COVID: which test, when and why?
This week’s expert:
A/Prof Sanjaya Senanayake AO, Infectious Diseases Physician; Medical School, ANU
Drawn from an interview with A/Prof Senanayake by Dr Harry Nespolon on the Healthed podcast Going Viral.
• In an acute infection of COVID-19, the PCR test is most likely to be positive three days after the first symptoms develop.
• The PCR may be negative if done too early in the course of the disease, ie prior to symptoms developing.
• In some patients, it may be worthwhile repeating the PCR test if the initial test is negative but infection is thought to be possible. These would be patients who, because of history and/or developing symptoms, are suspected of having COVID-19. There are no data to guide the most appropriate interval between PCR tests, but it is generally thought that an interval of at least 24 hours would be reasonable.

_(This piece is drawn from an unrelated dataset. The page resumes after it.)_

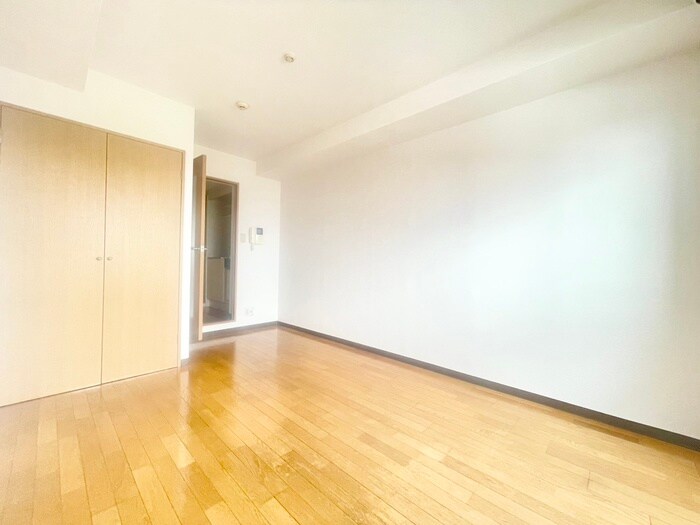 物件内観写真6　(居室)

• Increasingly, patients are being asked by their employer to produce a medical certificate of clearance that they don’t have COVID-19, including evidence of a negative PCR test before being allowed back to work. Such a certification has limitations, given the possibility of a false negative as mentioned earlier.
• The probability that a negative PCR test is a true negative largely depends on the pre-test probability that the patient has been exposed to COVID-19. In the current climate in Australia, with so few new cases currently being reported, an asymptomatic patient who has a negative PCR test has a negligible risk of having the virus.
• If the patient does have symptoms and/or there is a history of potential exposure, it would be best to have the patient self-isolate and then repeat the PCR test.
• While PCR test may not be perfect in terms of specificity and sensitivity, it is the preferred option for diagnosing acute infection over antibody testing, which to date is still too unreliable for use as a screening test for acute infection.
• Diagnosing an acute infection via an antibody test relies on the detection of IgM antibodies, however the timing of the appearance of IgM will vary between infected individuals.